**What is needed:** Each line of the data below goes into the copy exactly; pictures do not.

[Captioned web images]
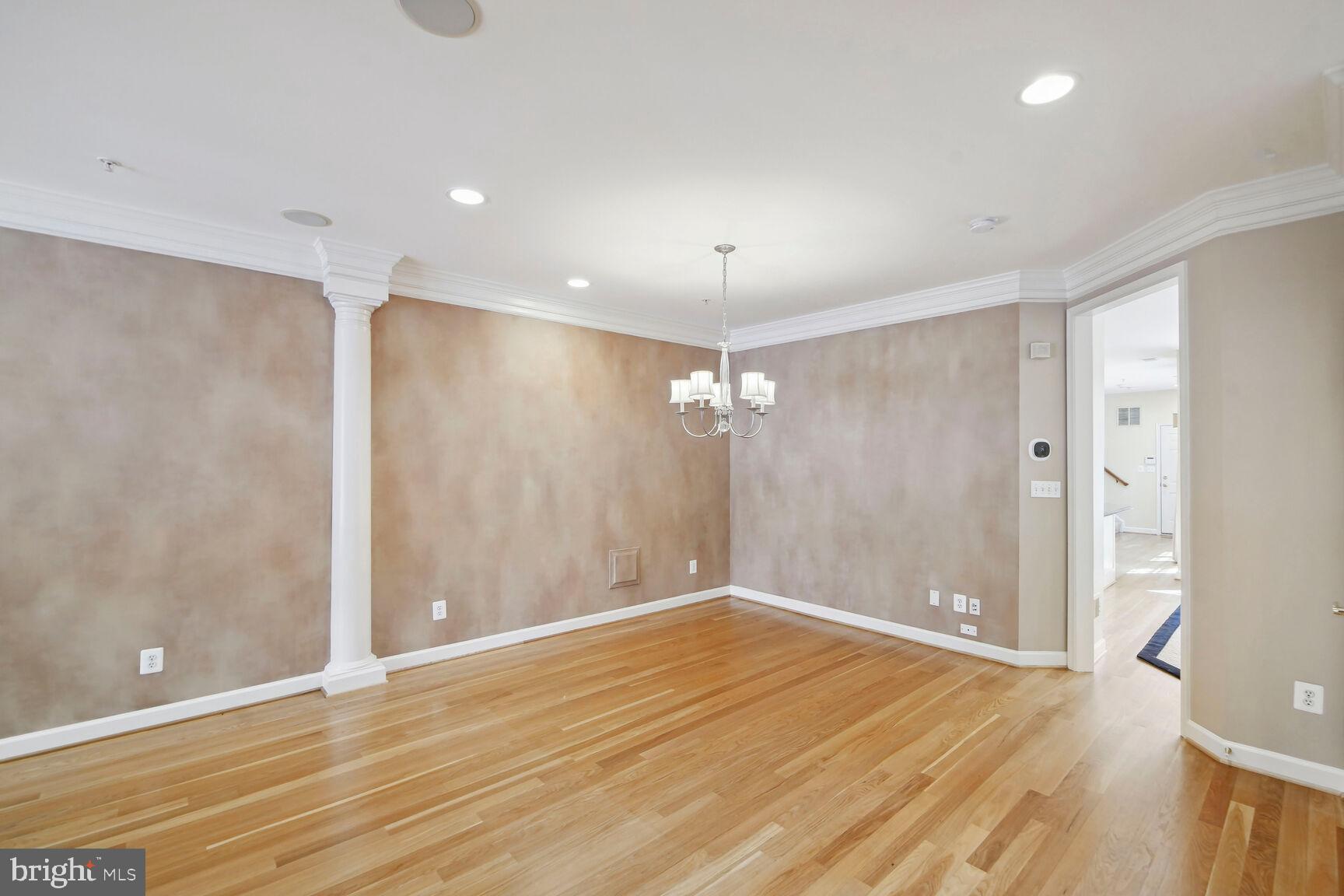 FALLSGROVE - Residential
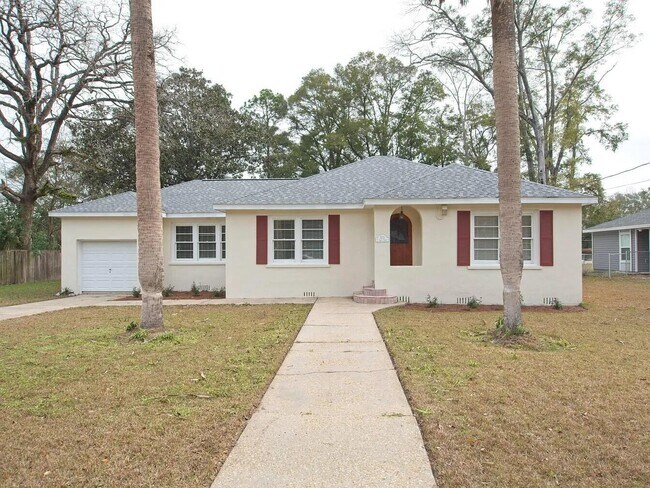 Foto del edificio - 821 Brett St S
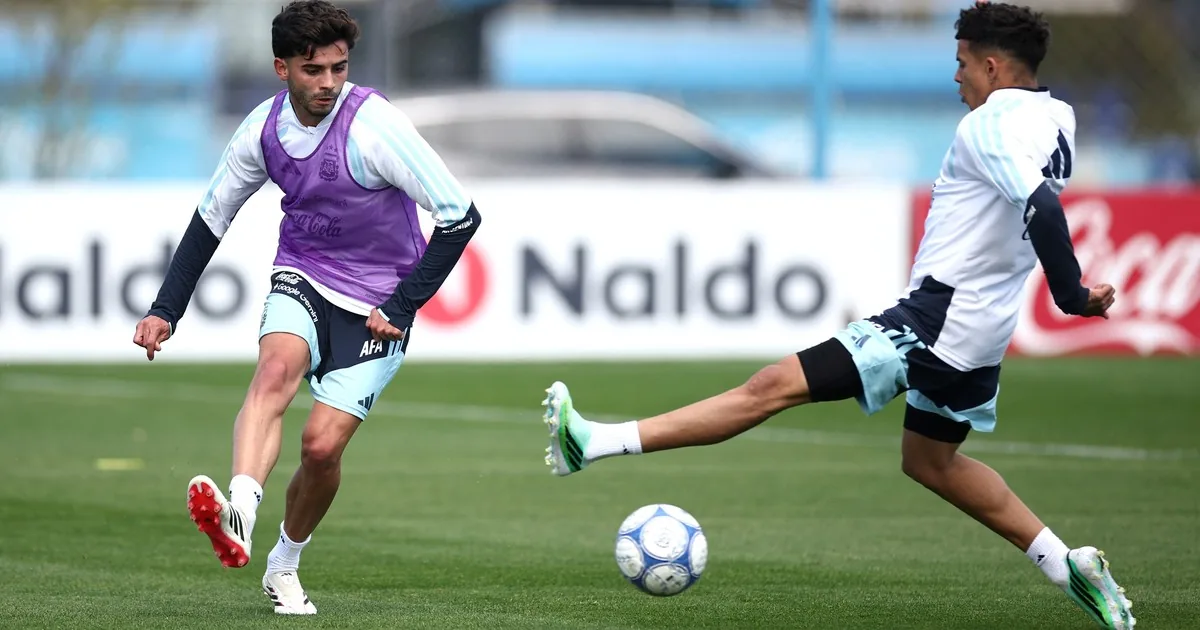 Santiago Simón, el ex River que sorprende en la lista de Scaloni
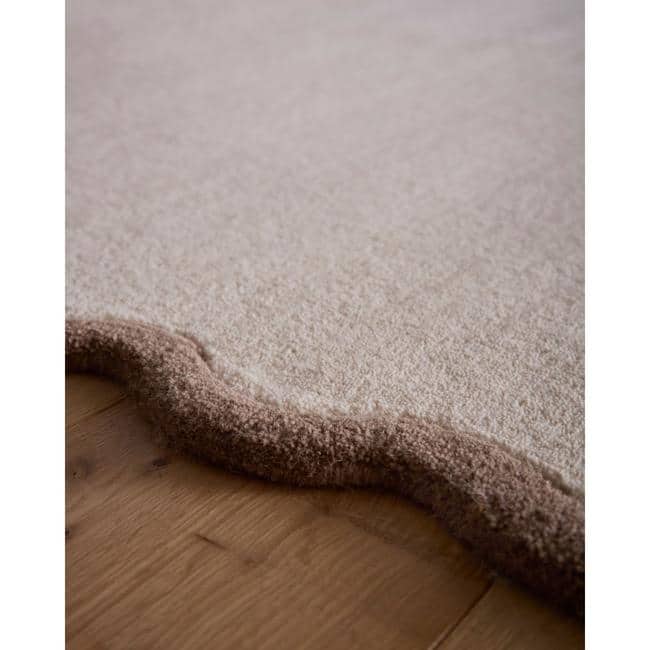 Scalloped Rugs Bordered Design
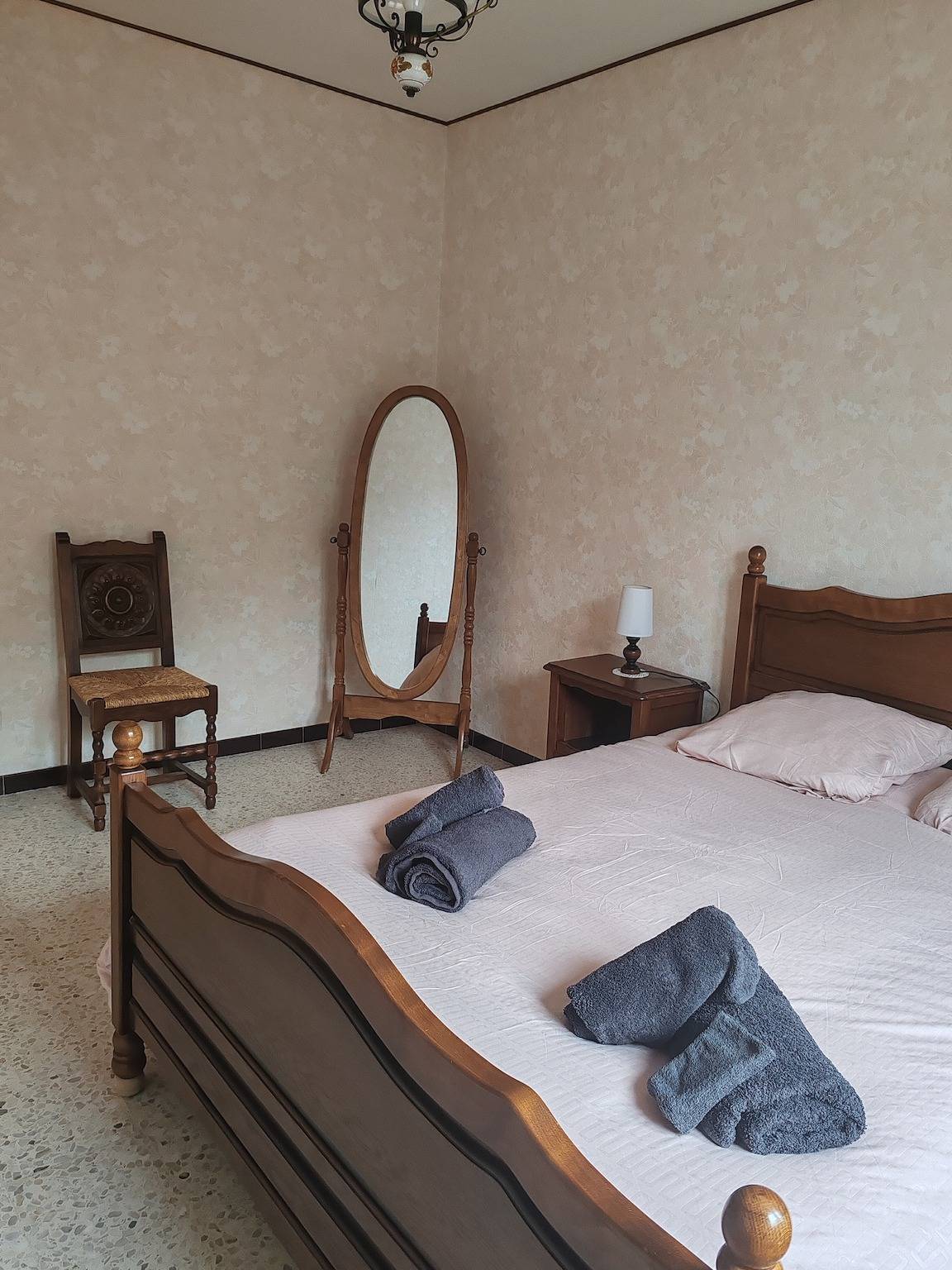 Komfortables Haus mit privater Terrasse, Wlan und Klimaanlage in Saint-Gilles in Saint-Gilles, Mittelmeerküste (Frankreich)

**Written response:**
 FALLSGROVE - Residential
 Foto del edificio - 821 Brett St S
 Santiago Simón, el ex River que sorprende en la lista de Scaloni
 Scalloped Rugs Bordered Design
 Komfortables Haus mit privater Terrasse, Wlan und Klimaanlage in Saint-Gilles in Saint-Gilles, Mittelmeerküste (Frankreich)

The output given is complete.